-- WORK REQUEST --
If pictures appear among the lines below, leave them out while you return exactly the lines from the one with "Naftogaz Expects To" through the one with "YSEY31449原神账号详情图5".

-- MATERIAL SHOWN --

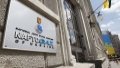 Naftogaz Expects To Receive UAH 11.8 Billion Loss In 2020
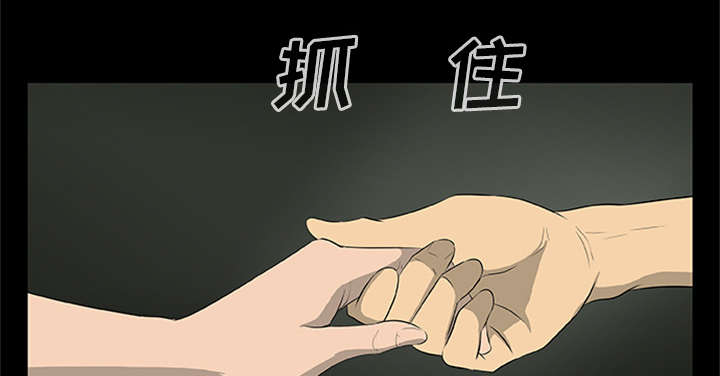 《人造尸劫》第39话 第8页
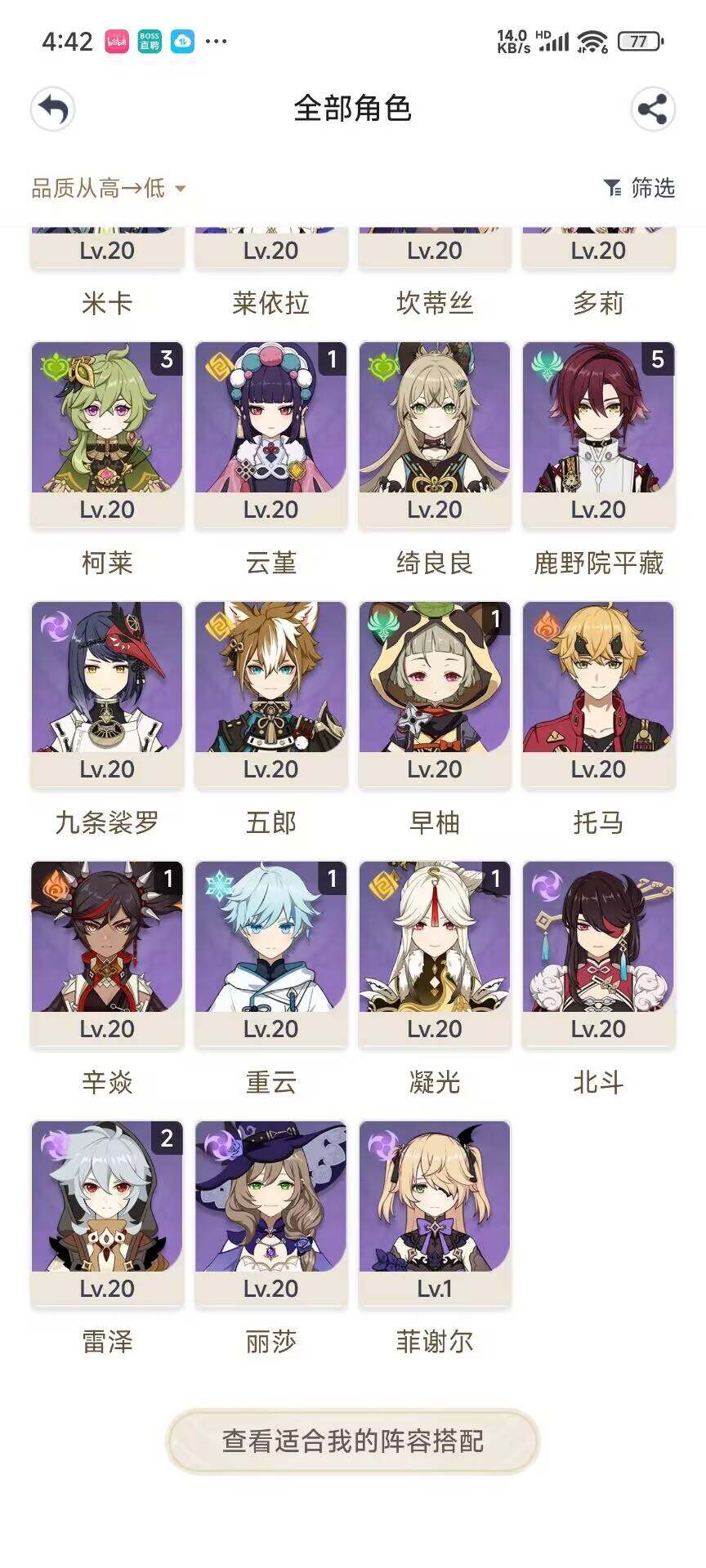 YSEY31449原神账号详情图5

==

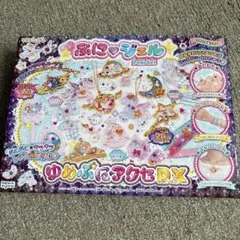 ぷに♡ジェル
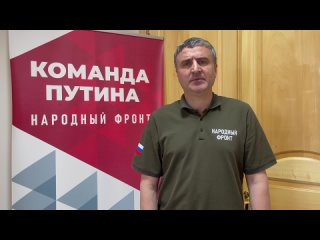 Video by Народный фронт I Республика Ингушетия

-- REPLY --
 Naftogaz Expects To Receive UAH 11.8 Billion Loss In 2020
 《人造尸劫》第39话 第8页
 YSEY31449原神账号详情图5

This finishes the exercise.